╭─ Data supplied
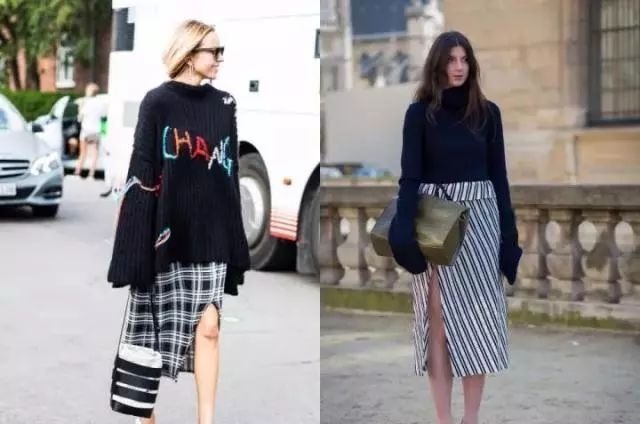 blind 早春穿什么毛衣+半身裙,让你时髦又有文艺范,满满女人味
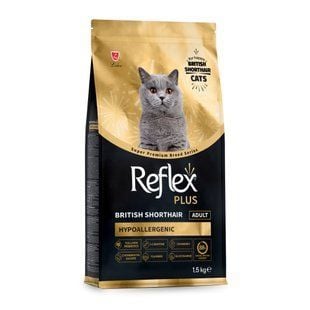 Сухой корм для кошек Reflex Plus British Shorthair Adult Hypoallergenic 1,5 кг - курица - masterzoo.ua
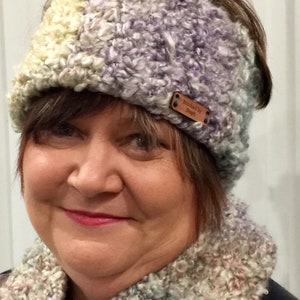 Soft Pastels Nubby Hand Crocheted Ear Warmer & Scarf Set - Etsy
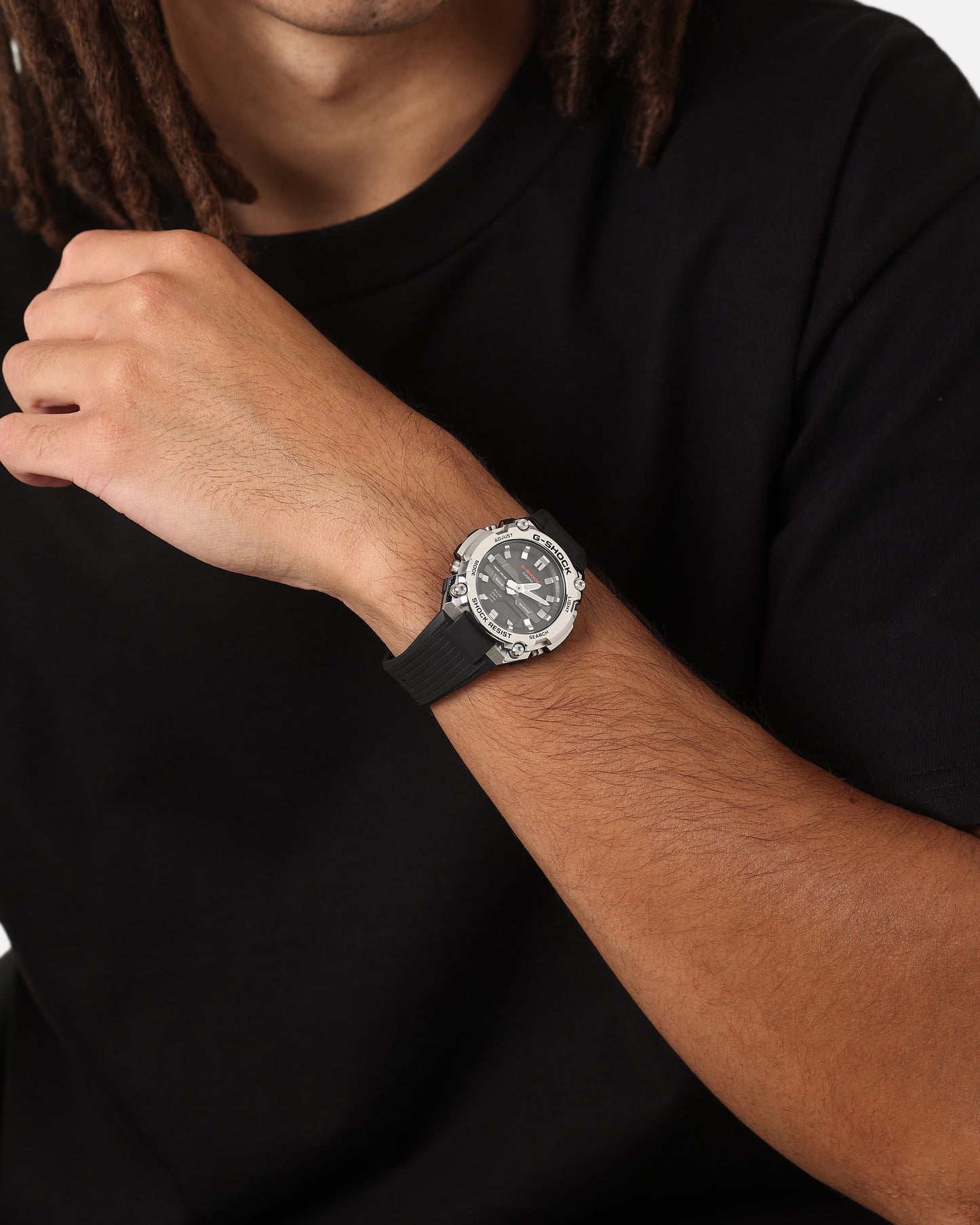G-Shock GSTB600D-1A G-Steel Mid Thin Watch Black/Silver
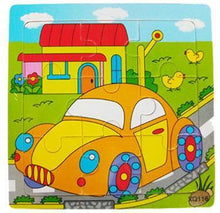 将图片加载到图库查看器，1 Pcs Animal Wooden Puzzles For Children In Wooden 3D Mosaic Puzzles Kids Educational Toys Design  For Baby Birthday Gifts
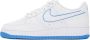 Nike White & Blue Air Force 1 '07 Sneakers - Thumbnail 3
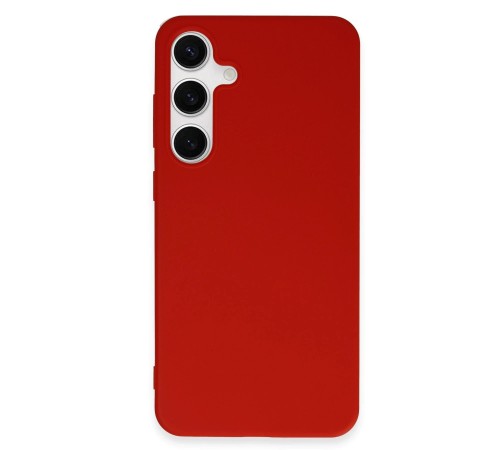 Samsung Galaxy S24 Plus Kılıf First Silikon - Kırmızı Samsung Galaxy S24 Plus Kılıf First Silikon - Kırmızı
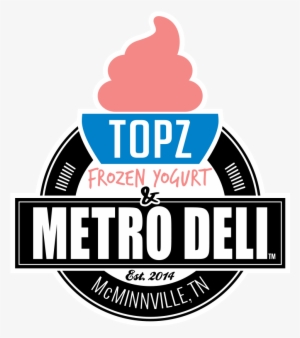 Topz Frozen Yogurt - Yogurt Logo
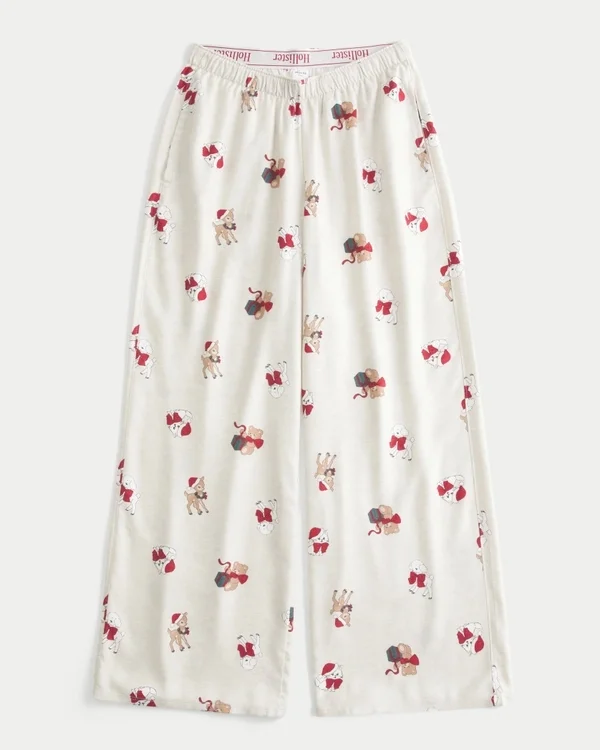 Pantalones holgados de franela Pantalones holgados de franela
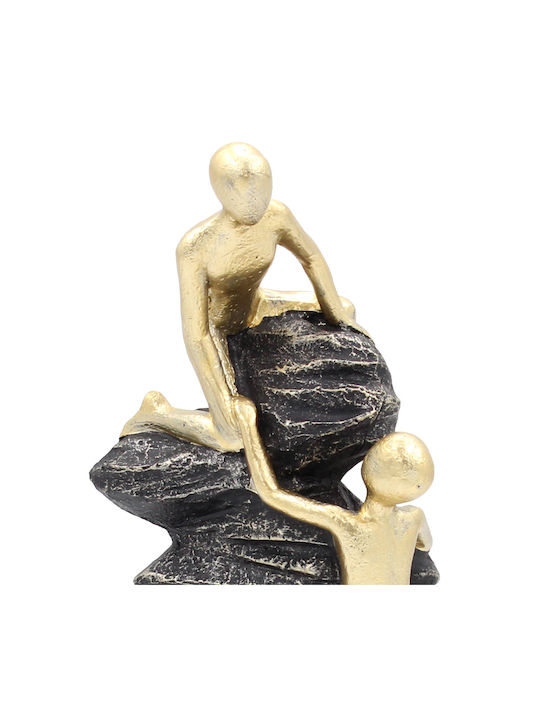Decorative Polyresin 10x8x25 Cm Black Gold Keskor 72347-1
╰─
╭─ Data supplied
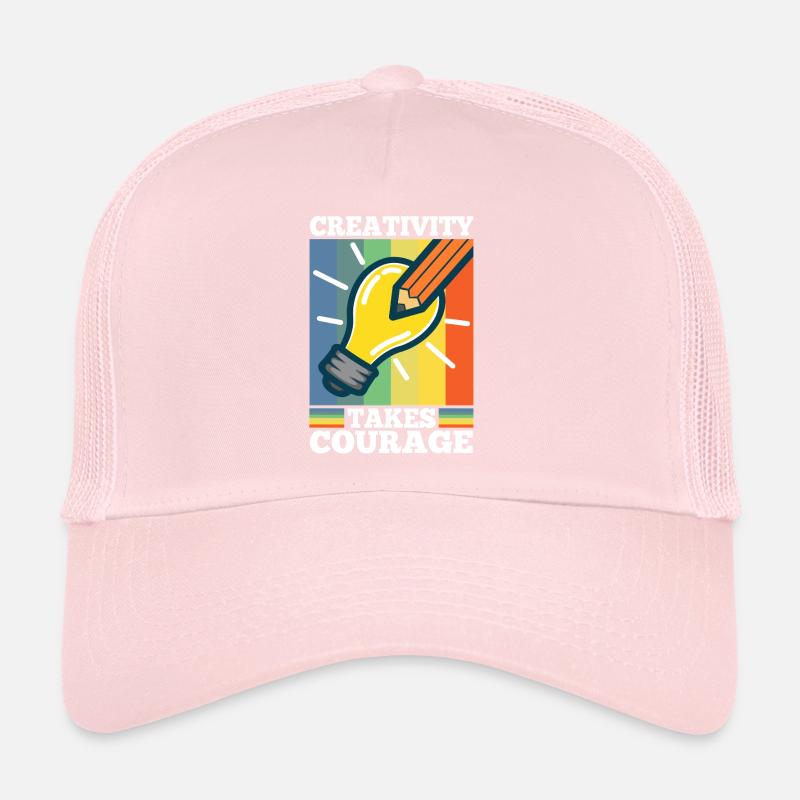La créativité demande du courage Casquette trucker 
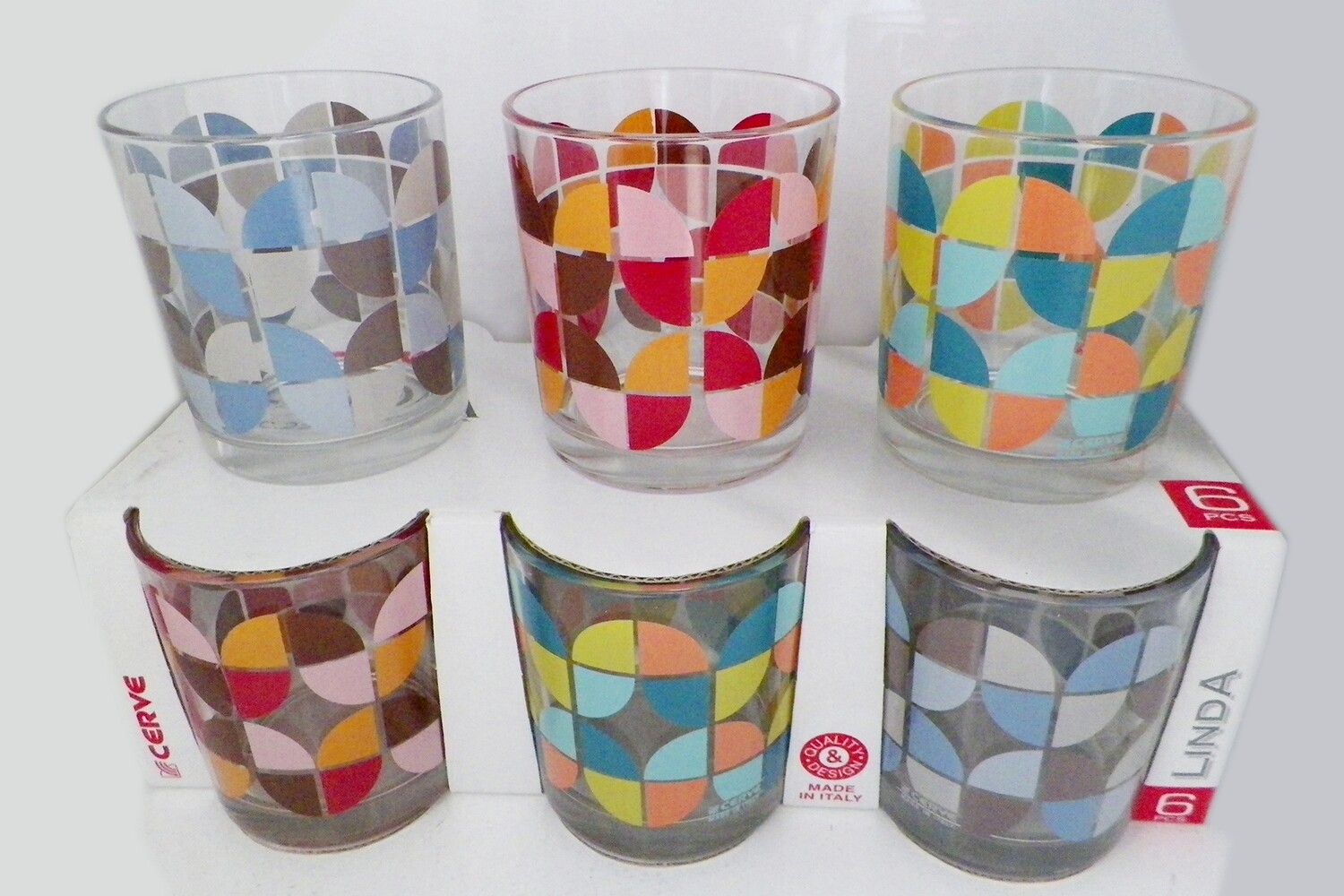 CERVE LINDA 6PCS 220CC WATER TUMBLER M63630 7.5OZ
╰─
Given the records above, return the lines starting at the one that holds "Soft Pastels Nubby" and ending at the one that holds "Decorative Polyresin 10x8x25", exactly, and nothing besides; leave every picture out.

> [Solution to the problem]:
 Soft Pastels Nubby Hand Crocheted Ear Warmer & Scarf Set - Etsy
G-Shock GSTB600D-1A G-Steel Mid Thin Watch Black/Silver
 将图片加载到图库查看器，1 Pcs Animal Wooden Puzzles For Children In Wooden 3D Mosaic Puzzles Kids Educational Toys Design  For Baby Birthday Gifts
 Nike White & Blue Air Force 1 '07 Sneakers - Thumbnail 3
 Samsung Galaxy S24 Plus Kılıf First Silikon - Kırmızı Samsung Galaxy S24 Plus Kılıf First Silikon - Kırmızı
 Topz Frozen Yogurt - Yogurt Logo
 Pantalones holgados de franela Pantalones holgados de franela
Decorative Polyresin 10x8x25 Cm Black Gold Keskor 72347-1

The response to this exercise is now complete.